Qui demande à la musique la révélation du génie grec entreprend une tâche plus rude. Celui-là sût-il entendre comme savait regarder le maître qui n’est plus, il lui manquerait encore, et sans doute il lui manquera toujours le chef-d’œuvre d’un Phidias musicien. Pieux seulement envers les marbres, l’air léger de l’Attique est oublieux des chants que lui-même autrefois a formés. Les admirateurs de l’immortelle métope eussent cherché en vain, pour la célébrer dignement, une mélodie qui l’égale. Avant les récentes fouilles de Delphes, l’héritage musical de l’antiquité se réduisait, hormis quelques fragmens insignifians ou douteux, à trois médiocres hymnes du second siècle après Jésus-Christ. Les dernières découvertes ont reporté nos connaissances plus loin et jusqu’à l’époque classique, au troisième siècle avant notre ère.
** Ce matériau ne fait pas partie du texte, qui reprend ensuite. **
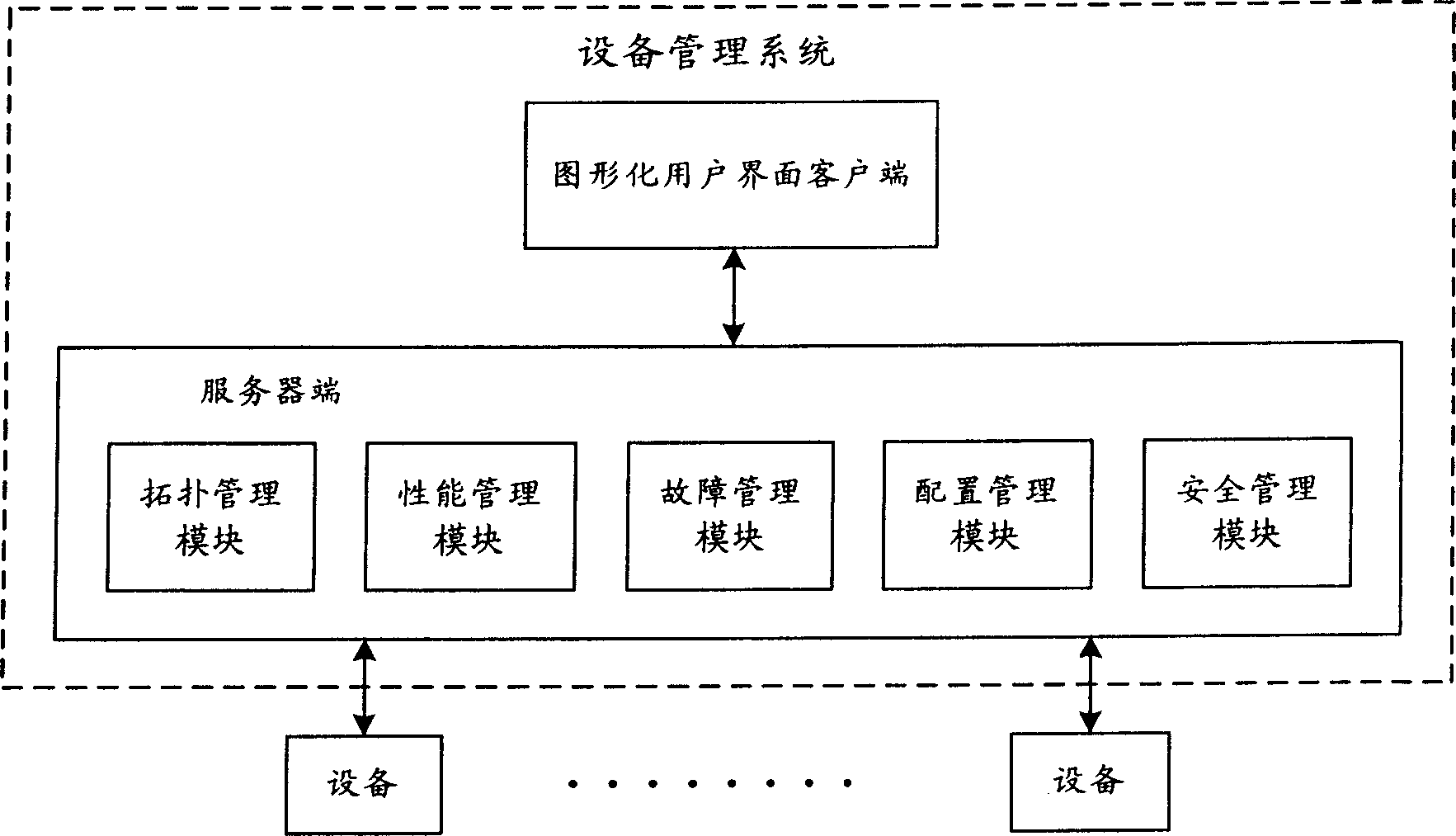 Searching method and its system for equipment traffic data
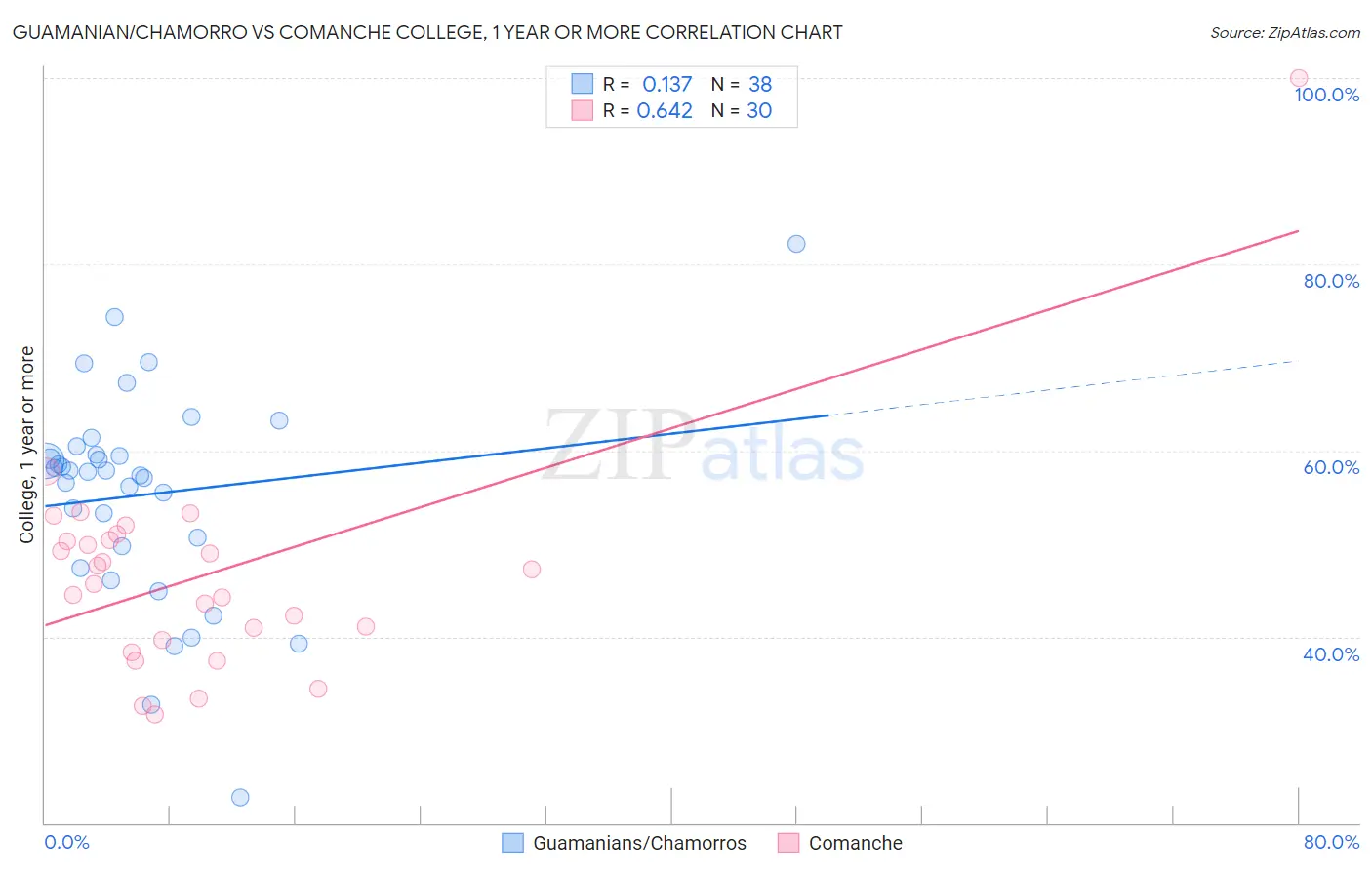 Guamanian/Chamorro vs Comanche College, 1 year or more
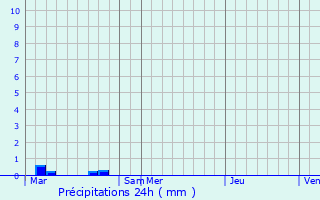 Graphique des précipitations prvues pour Liffr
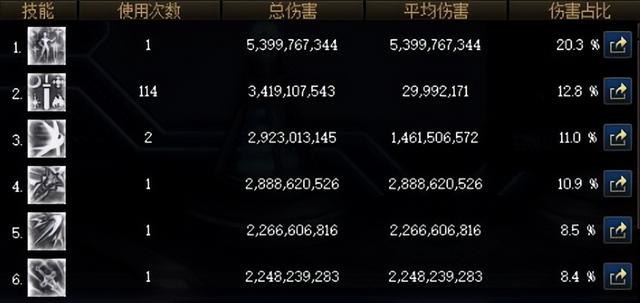 DNF：国服特色环境下，剑宗105装备推荐
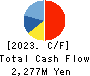 GAKUJO CO.,Ltd. Cash Flow Statement 2023年10月期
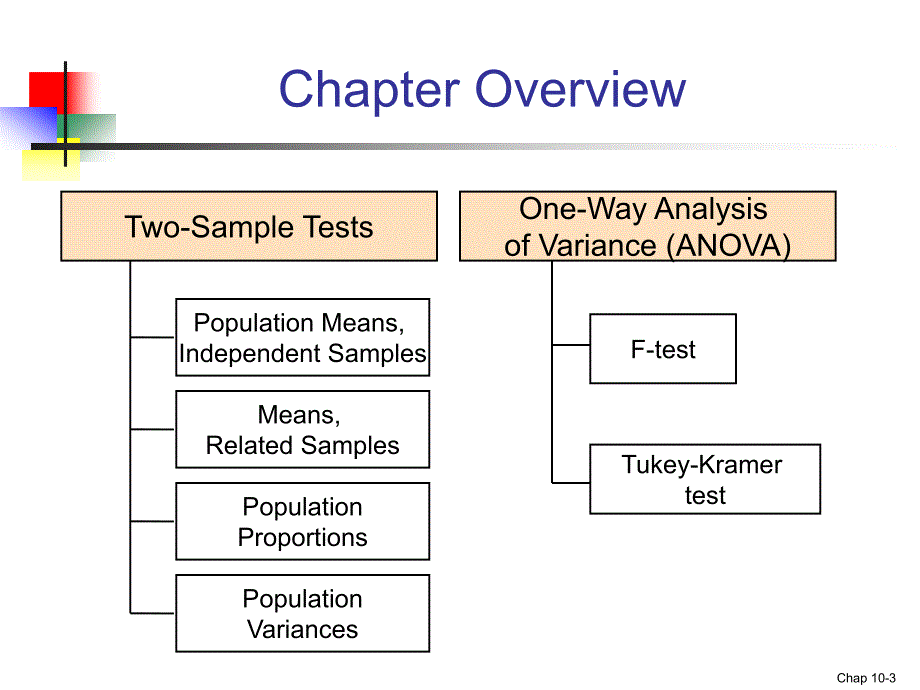 商业统计学英文课件：ch10_ch11Two-Sample Tests and_第3页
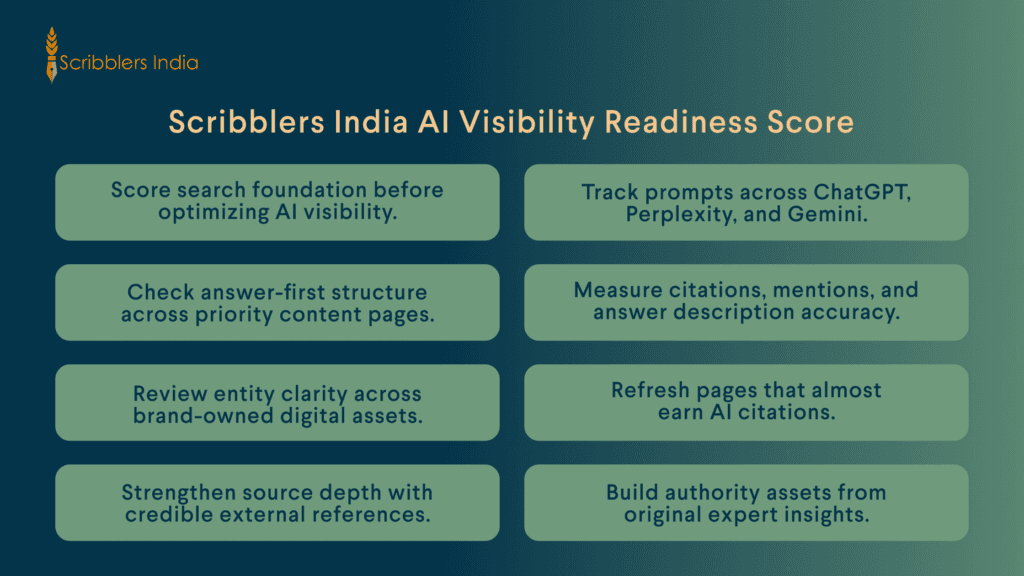 Scribblers India AI visibility readiness score model
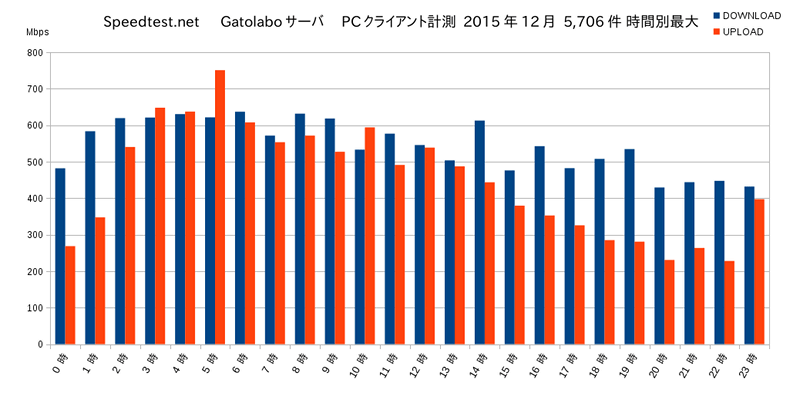 Speedtest.net Gatolaboサーバ2015年12月PC計測グラフ 時間別最大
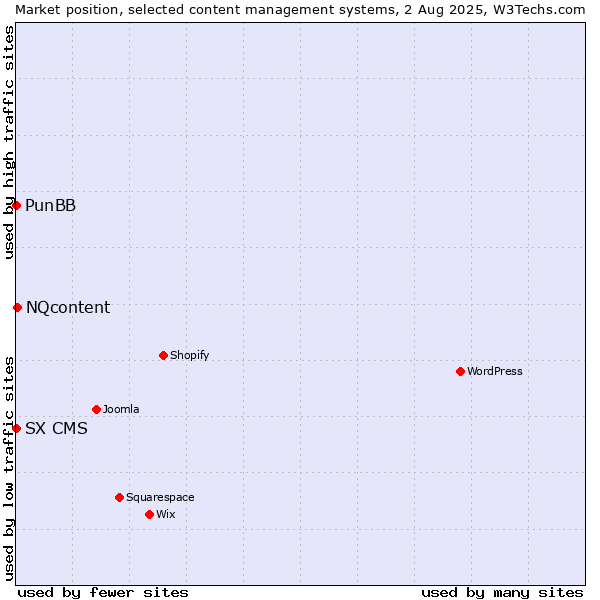 Market position of NQcontent vs. PunBB vs. SX CMS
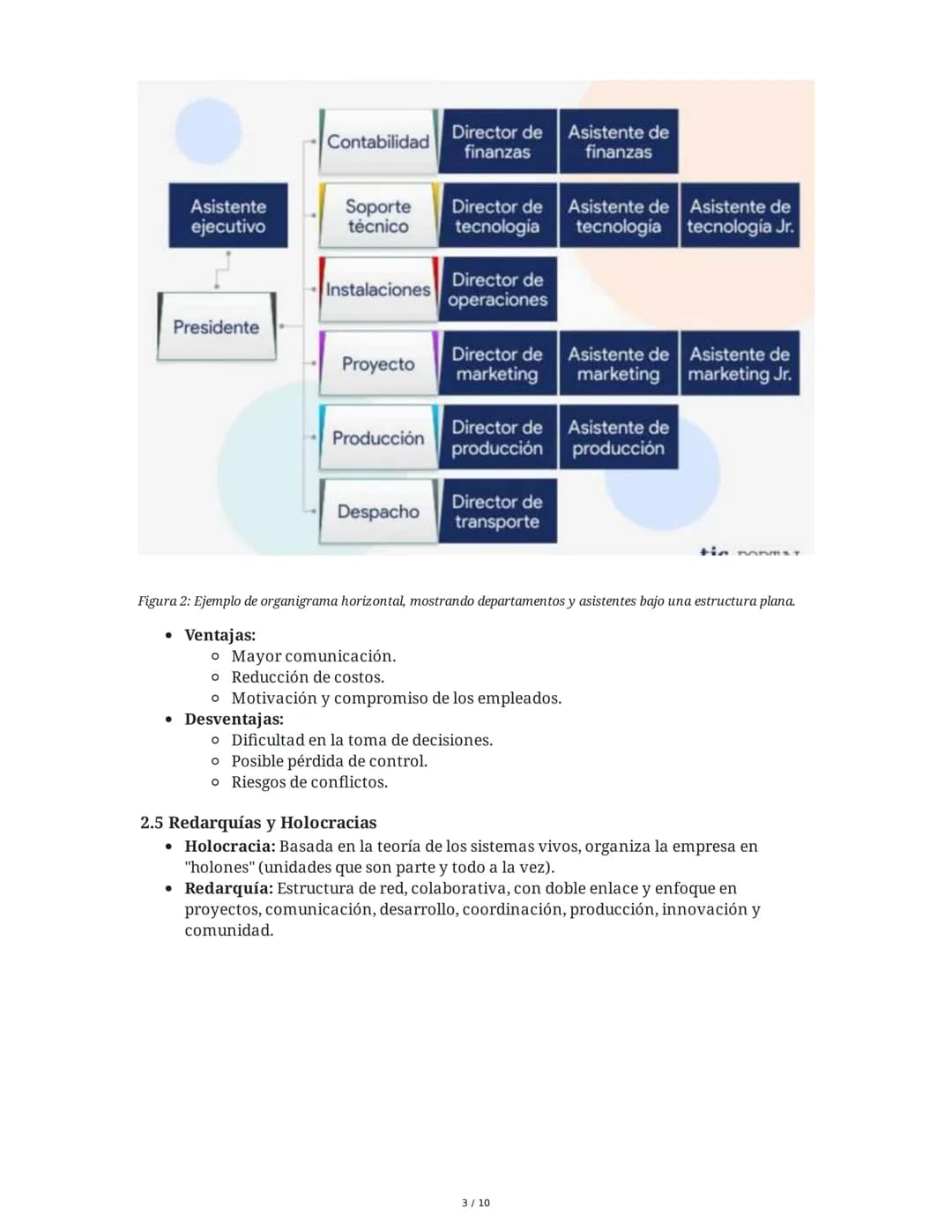 # Estructura Organizacional y Posicionamiento Competitivo

1. Introducción a la Estructura Organizacional

La estructura organizacional es e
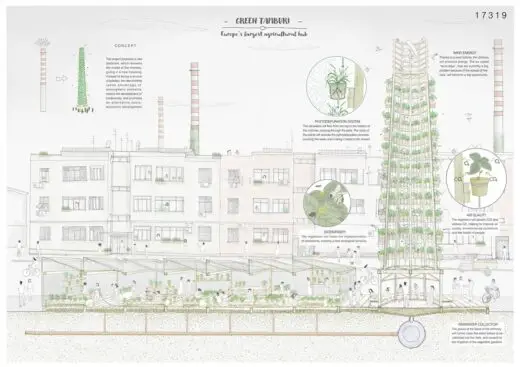 Tactical Urbanism Now Competition 2021 3rd Prize design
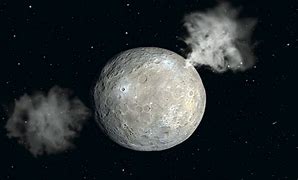 Image result for Planet Ceres Water
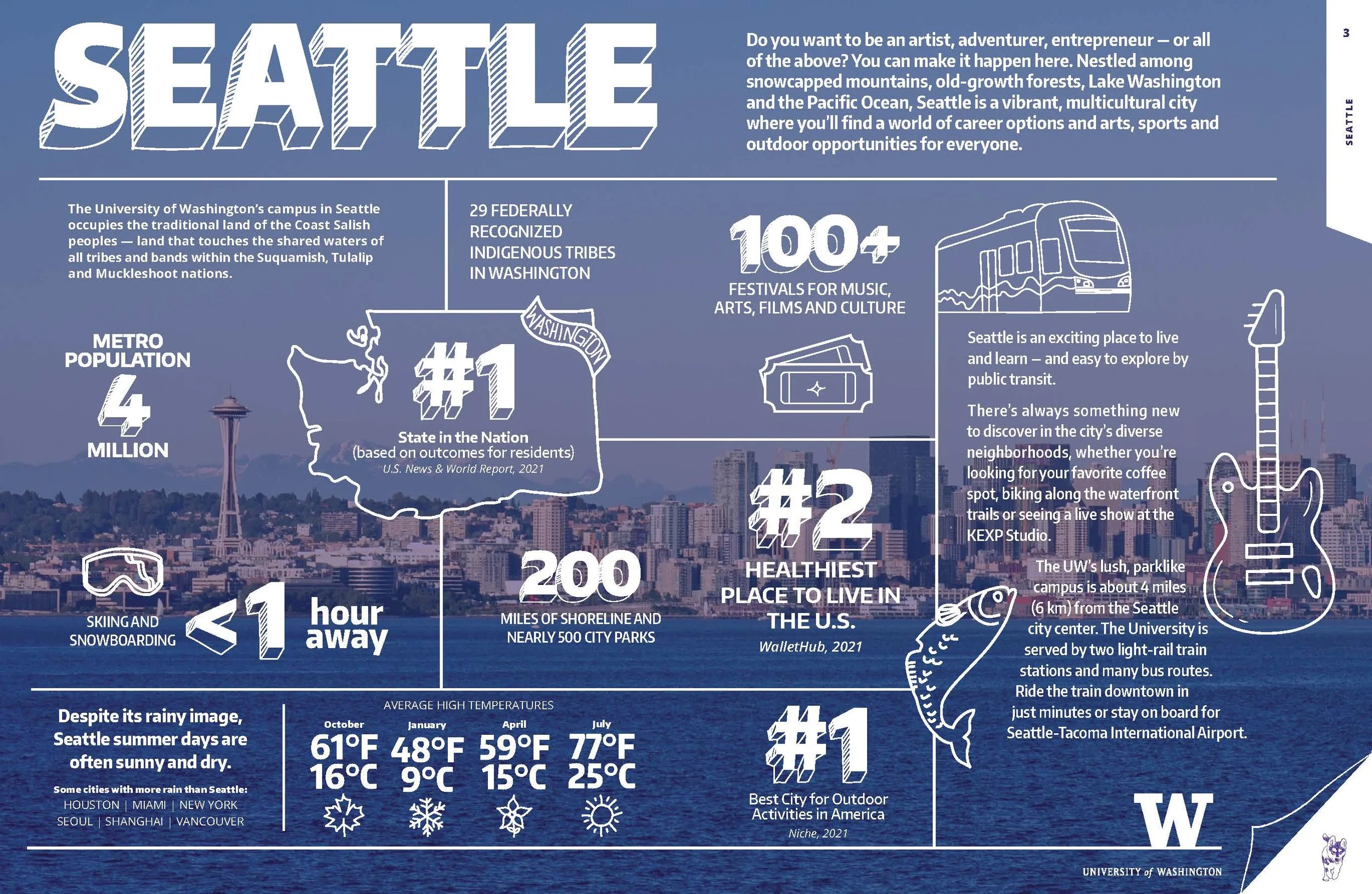 220814_ADMISS_COMBINED VIEWBOOK 22-23 SPREADS_Page_03.jpg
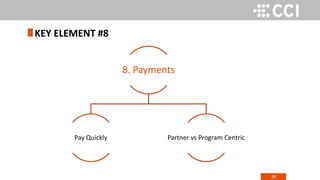 29
KEY ELEMENT #8
8. Payments
Pay Quickly Partner vs Program Centric
 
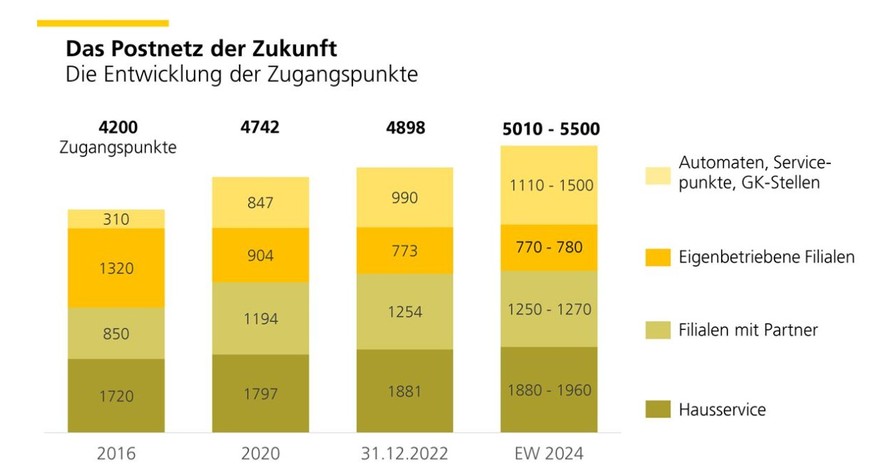 Postnetz der Zukunft Grafik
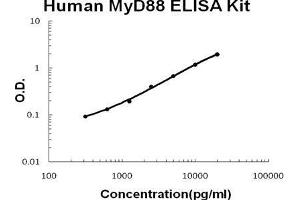 Human MyD88 PicoKine ELISA Kit standard curve (MYD88 ELISA Kit)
Par leur date comme par leur étendue, par leur état de conservation et leur valeur esthétique, les deux hymnes à Apollon, le premier surtout, sont de beaucoup supérieurs aux débris retrouvés précédemment. Ils ne fournissent pourtant à l’étude générale de l’art qu’un étroit et fragile support. Par bonheur, à défaut des œuvres, les doctrines ont survécu. Si nous ne pouvons presque rien sentir de la musique de la Grèce, nous en pouvons presque tout savoir. Sa nature propre ; ses relations avec les deux autres arts, poésie et danse, dont elle était presque inséparable ; ses fonctions enfin et son « éminente dignité » dans la civilisation hellénique, les maîtres de l’érudition contemporaine ont dit abondamment tout cela. Nous ne souhaitons que de le redire brièvement après et d’après eux. Regarder, ou plutôt deviner l’art pratique à travers la théorie de l’art ; imaginer en quelque sorte les effets en ne connaissant que les causes, c’est peu de chose sans doute, et nous n’apercevrons qu’un reflet, peut-être même une ombre. Mais, sous les cieux éclatans de la Grèce, une ombre, fût-ce l’ombre d’une ombre, est encore de la lumière.

  1. Le cheval de Phidias (Causeries athéniennes), par Victor Cherbuliez. Paris, M. Lévy.